Hunters of Yamashita treasure leave trails of destruction in Mt. Banahaw
Hunters of the legendary Yamashita treasure are leaving trails of destruction in Mt. Banahaw and are hindering efforts to restore the mystical mountain. Saying the "real treasure" is Banahaw itself, Sally Pangan appealed to the believers of the Yamashita treasure to stop their bootless search. She said she had yet to hear any reports of breakthrough. Legend has it that before his surrender, World War II Japanese General Tomoyuki Yamashita ordered the burying of treasures plundered from Asian temples in different parts of the country. Recently 22 people believed to be engaged in unlawful treasure hunting were arrested.
3 treasure hunters find death in tunnel
Two brothers, Apolinario Samiano and Bonifacio Samiano, died of suffocation while their companion Percival Delgado fell to his death in a tunnel they had dug in Biñan town to look for supposed treasures buried there by Japanese soldiers during the Second World War. When the brothers reached a depth of 30 meters, they collapsed due to lack of oxygen. Delgado tried to rescue his two companions by lowering himself with a rope tied to a portable water pump. With Delgado halfway through the tunnel, the portable pump snapped out from its base and fatally hit him on the head.
Military men arrested after treasure hunt of WWII gold (Article no longer available from the original source)
A new rush for gold and other treasures believed to have been left behind by Japanese soldiers during World War Two has led to the arrest of a retired air chief marshal and two captains.
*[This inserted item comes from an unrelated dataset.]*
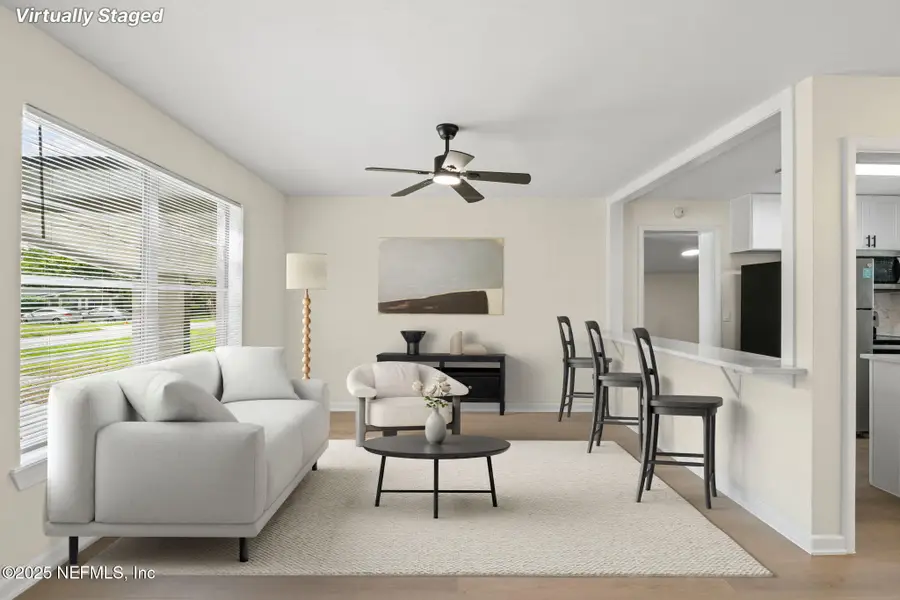 4005 Ferrarra Street, Jacksonville, FL 32217 - Image #2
But more than 10 people fled into the jungle and escaped capture. Police seized a four-wheel-drive vehicle and digging tools as evidence, and found that wide areas of the mountain had been excavated. The area has long attracted Second World War treasure hunters because there are several caves, some of which house monasteries. Local villagers told someone found three gold bars in a cave about 10 years ago.